Task.async/1 spawns a new task, similarly to spawn/1. Instead of sending messages back and forth, you can use Task.await/1 to collect the value returned by the spawned task.

task =
  Task.async(fn ->
    Process.sleep(1000)
    IO.puts("Expensive computation is done!")
    Enum.random(1..100)
  end)

IO.puts("Running task...")
Task.await(task)

Yielding

Task.yield/2 is similar to Task.await/1, but it returns nil if the task doesn't return a value within the specified timeout (Task.await/1 exits instead).

task =
  Task.async(fn ->
    Process.sleep(1000)
    IO.puts("Expensive computation is done!")
    Enum.random(1..100)
  end)

Task.yield(task, _timeout = 5000)

As you can see, if the task returns in time, Task.yield/2 returns {:ok, result}. Let's see what happens if the task doesn't return in time, instead:

task =
  Task.async(fn ->
    Process.sleep(1000)
    IO.puts("Expensive computation is done!")
    Enum.random(1..100)
  end)

Task.yield(task, _timeout = 500)

Task.yield/2 returns nil, but after a while the task seems to still print something. That's because Task.yield/2 "peeks" into whether the task finished, but doesn't shut the task down in case it hasn't finished. To stop the task, we can use Task.shutdown/1.

Task.yield/2 and Task.shutdown/1 are often combined to implement the use case when you need a computation to be bound by time.

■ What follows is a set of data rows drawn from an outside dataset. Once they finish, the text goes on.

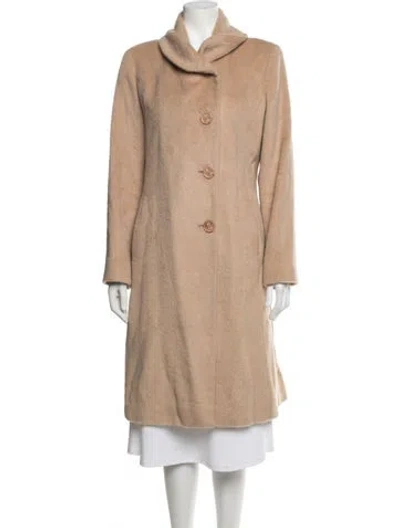 Pre-owned Sofia Cashmere Alpaca Coat In Neutrals
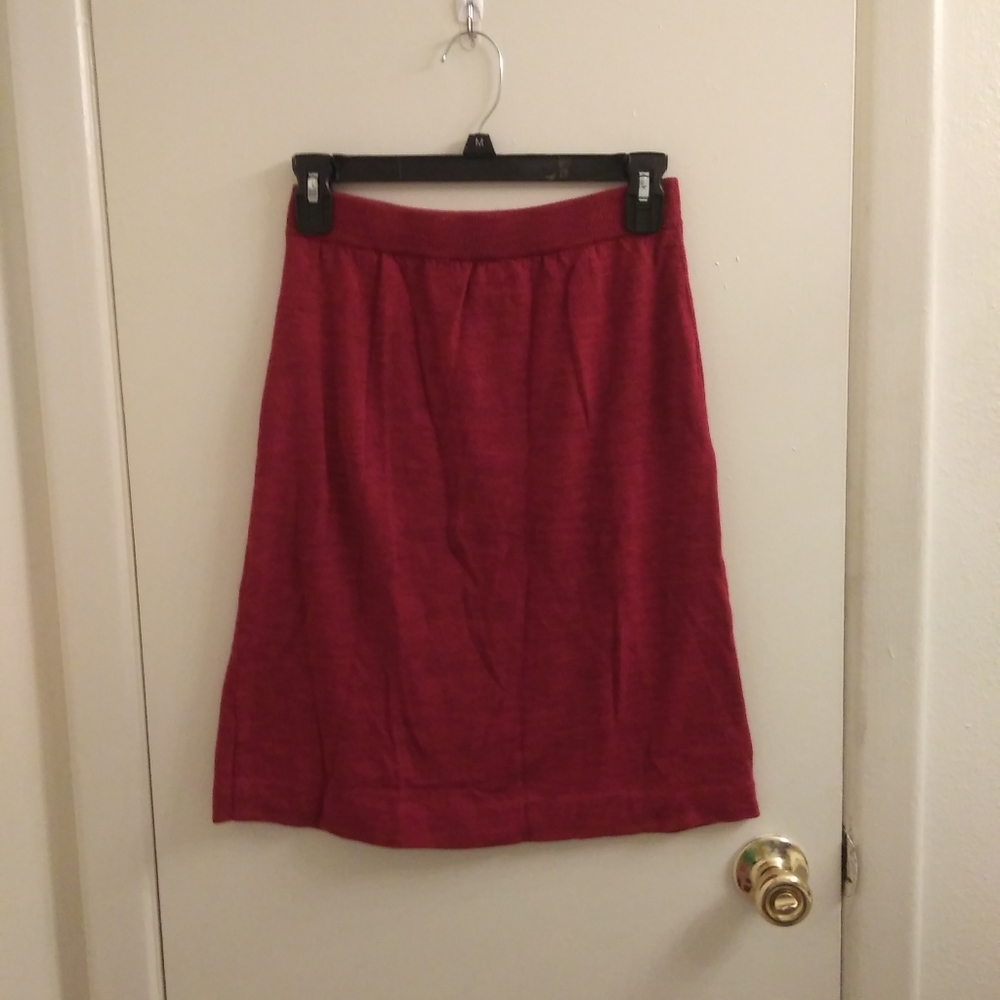 Eileen Fisher knit wool pencil skirt- size XS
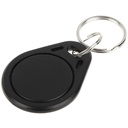 BPC-MA8000-N - Badge 13,56Mhz Mifare classic 1K - puce Nxp - Format porte clef noir -Badge numéroté avec le CSN - qté cde multiple de 100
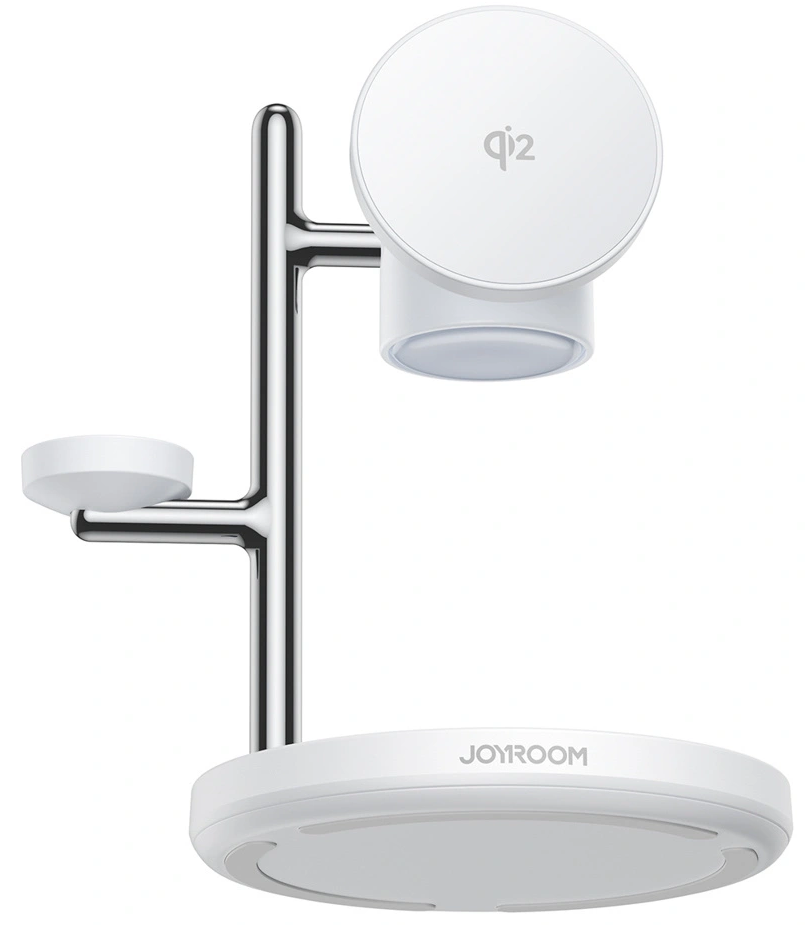 Trådlös Nätverksladdare Joyroom JR-W23 3in1, 15W, 1.67A, Vit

It goes something like this:

  1. Start the computation
  2. Do some other work on the side
  3. When you're ready, check the result of the task with Task.yield/2.
  4. If the task does not complete within the timeout, shut down the task.

Task.shutdown/1 also takes care of race conditions, which can happen in case the task completes right as we are telling it to shut down.

task =
  Task.async(fn ->
    Process.sleep(1000)
    IO.puts("Expensive computation is done!")
    Enum.random(1..100)
  end)

IO.puts("Running task...")
Task.yield(task, 500) || Task.shutdown(task)

Parallel Map — Take #2 with async_stream

Task provides the most underrated function (IMO) in all of Elixir's standard library: Task.async_stream/3. It takes an enumerable and a function, and returns a stream that maps the function over the enumerable in parallel.

stream =
  Task.async_stream([200, 100, 400], fn timeout ->
    Process.sleep(timeout)
    IO.puts("Slept for #{timeout} ms")
    timeout * 2
  end)

Enum.to_list(stream)

Seems like nothing special, right? Well, it is!

async_stream's coolest feature is that it uses a bounded number of processes. You can control this number through the :max_concurrency option, and it defaults to the number of cores on your machine. This feature is huge: our previous naive parallel-map implementation would spawn one process per element in the enumerable, regardless of the number of elements. Billions of processes? Not good. async_stream will happily churn through infinite streams, using :max_concurrency processes at a time.

async_stream is also flexible. It accepts any enumerable as its input (including infinite streams) and returns itself an enumerable.

When to Use Tasks

  • If you want to perform a few requests to different services and then collect the results
  • If you need a simple parallel mapping approach
  • If you need to perform a computation in a limited timeframe and want to stop it if it times out
  • When you want to spawn a computation in the background (Task.start/1), for something like side effects

Practical Tips

Tip #1 — ordered: false with async_stream

If you're using Task.async_stream/1 and don't care about the ordering of results, use the ordered: false option.

This is great for when you're using async_stream/1 to parallelize side-effects over a collection, for example. It's also useful when you're going to do something with the mapped collection that doesn't require ordering, like aggregating into a map.

print_after_timeout = fn timeout ->
  Process.sleep(timeout)
  IO.puts("Slept for #{timeout} ms")
  timeout
end

[200, 100, 400]
|> Task.async_stream(print_after_timeout, ordered: false)
|> Enum.to_list()

As you can see, the results are returned in the order in which they finish computing, and not in the order of the original list.

Tip #2 — Follow the Documentation for Task.yield/2

The documentation for Task.yield/2 has a great code snippet to use when you need to perform a time-capped computation.

task =
  Task.async(fn ->
    Process.sleep(Enum.random(499..501))
    IO.puts("Done!")
  end)

case Task.yield(task, 500) || Task.shutdown(task) do
  {:ok, result} -> result
  nil -> :timeout
end

Tip #3 — async_stream Goes a Long Way

Before talking about GenStage, Broadway, and Flow, I want to stress the importance of async_stream. I've seen many cases of solutions that used GenStage or Flow that were essentially overengineered async_streams. async_stream has some limitations, but combining the bounded number of processes, the optional ordering, and the fact that it processes lazy streams makes it a great choice in many situations.